Plattenbau in Berlin Marzahn-Hellersdorf; Foto: jack_of_hearts_398/flickr (CC BY 2.0)
Plattenbau in Berlin Marzahn-Hellersdorf; Foto: jack_of_hearts_398/flickr (CC BY 2.0)

In den vergangenen Monaten ist Bewegung in Sandras Leben gekommen: Die 21-Jährige hat ihren Freund verlassen, ist mit ihrem Sohn Timo in eine Drei-Zimmer-Wohnung gezogen, für den Einjährigen hat sie einen Kita-Platz gefunden. Mit der neuen Perspektive hat sie auch einen Plan für sich selbst entwickelt: Sie will eine Ausbildung zur Verkäuferin machen. Wie 14 andere junge Alleinerziehende im Berliner Bezirk Marzahn-Hellersdorf nimmt Sandra an einem neuen Wohnprojekt teil. «Jule» (kurz für «Junges Leben») will erreichen, dass junge Mütter und Väter nicht das Leben ihrer eigenen Eltern leben: abhängig vom Staat, ohne Perspektive.
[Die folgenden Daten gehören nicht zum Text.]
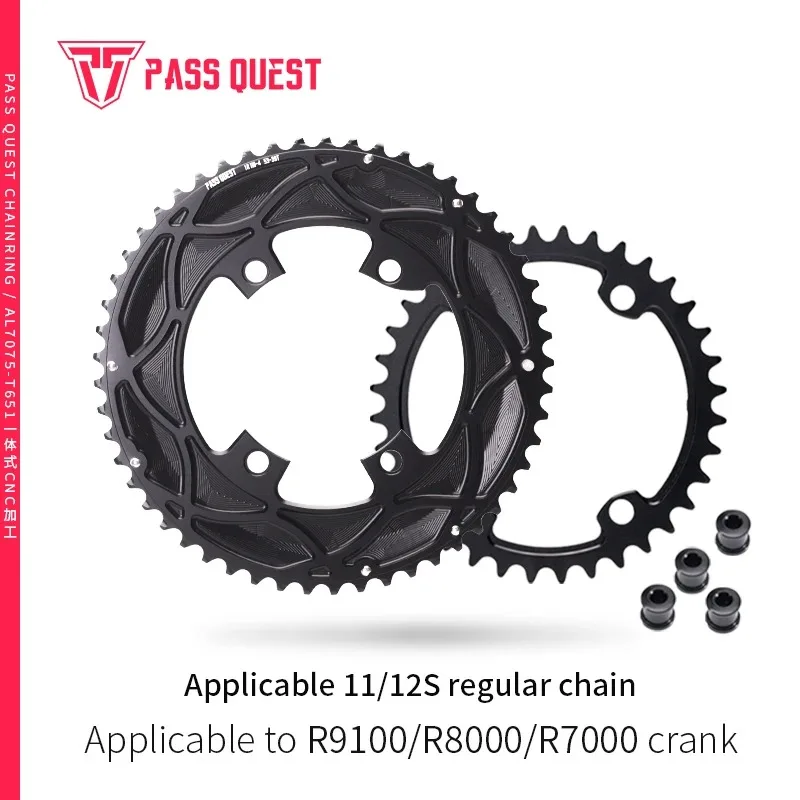 Фото PASS QUEST 110BCD 2x для R9100 R8000 R7000 Звездочки ALL CNC SL Звездочка для шоссейного велосипеда Гравийный велосипед 11S 12S 48-35T 50-34T 56-42T №1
Das Besondere an «Jule»: Das Modellprojekt ist keine Idee des Sozialstaats, sondern eine der Immobiliengesellschaft Degewo, die in Berlin rund 71.000 Wohnungen verwaltet. In den Plattenbauten in Marzahn-Nord stellt das Unternehmen den Teilnehmern 15 frisch renovierte Wohnungen mit drei bis fünf Zimmern. Im Mai sind die ersten Bewohnerinnen eingezogen. An diesem Montag will der Regierende Bürgermeister Klaus Wowereit (SPD) offiziell den Schlüssel übergeben.

Zwei vom Land bezahlte Sozialarbeiterinnen sind für die 18- bis 27-Jährigen da, helfen bei Bewerbungen, Ämtergängen, der Kinderbetreuung. Das Jobcenter im Bezirk und der Marzahn-Hellersdorfer Wirtschaftskreis unterstützen bei der Suche nach Ausbildungs- oder Praktikumsplätzen.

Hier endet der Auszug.